Experts say the changes in national deportation statistics are resulting partly from the Obama administration’s shift in immigration enforcement. The government has been giving special consideration to certain groups of people through a process called “prosecutorial discretion.” Among those getting special attention are families and immigrants who were brought here illegally as children.

Critics say this approach undermines Congress, which is now considering a broad overhaul of the nation’s immigration system.

“This policy of prosecutorial discretion has definitely run amok,” said Jessica Vaughan, director of policy for the Center for Immigration Studies, a research group that advocates tighter immigration controls. “It has gone way beyond what anyone ever intended that concept to be. And so the result is really that the law right now has no teeth.”

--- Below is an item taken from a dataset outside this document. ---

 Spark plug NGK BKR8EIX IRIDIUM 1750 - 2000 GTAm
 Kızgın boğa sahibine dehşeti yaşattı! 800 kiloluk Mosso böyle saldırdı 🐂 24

Supporters say the Obama administration’s approach allows the government to spend more of its time and resources expelling violent criminals and those who pose a threat to homeland security.

“Unfortunately, when they don’t use prosecutorial discretion and they bring every single case that is available in for deportation, it really limits the ability to remove people who really probably should be removed,” said Joseph Rosen, an immigration attorney who teaches immigration law at Atlanta’s John Marshall Law School.

Federal officials said Louisiana and Georgia rank high in percentages of cases that result in deportations partly because they are home to large immigration detention centers. Many of the illegal immigrants held there have been convicted of serious crimes that make them ineligible for relief from deportation.

The U.S. Justice Department’s Executive Office for Immigration Review, which oversees the nation’s immigration judges and courts, declined to comment on TRAC’s figures.

The lower percentage of cases resulting in deportations nationwide this fiscal year partly stems from vacancies for immigration judges, said Dana Leigh Marks, a San Francisco-based immigration judge and president of the National Association of Immigration Judges, which advocates hiring more judges. Marks said about 55 of the 304 authorized positions for judges are unfilled because of budget constraints.

“The lack of sufficient numbers of judicial law clerks also contributes to this dysfunction,” she said. “Moreover, the prospect of furloughs in the upcoming fiscal year will only make the situation worse, perhaps dramatically so.”

The Obama administration set a record for deportations for the fiscal year that ended last September, expelling 409,849 people. That is the largest number removed in ICE’s history and is up 3 percent from the year before, when the previous record was set at 396,906.

TRAC projected this week that federal authorities will file papers in immigration courts seeking to remove more than 190,000 noncitizens from the U.S. this fiscal year. That estimate does not count illegal immigrants who are administratively deported by ICE and the U.S. Border Patrol, which is typically a much larger number.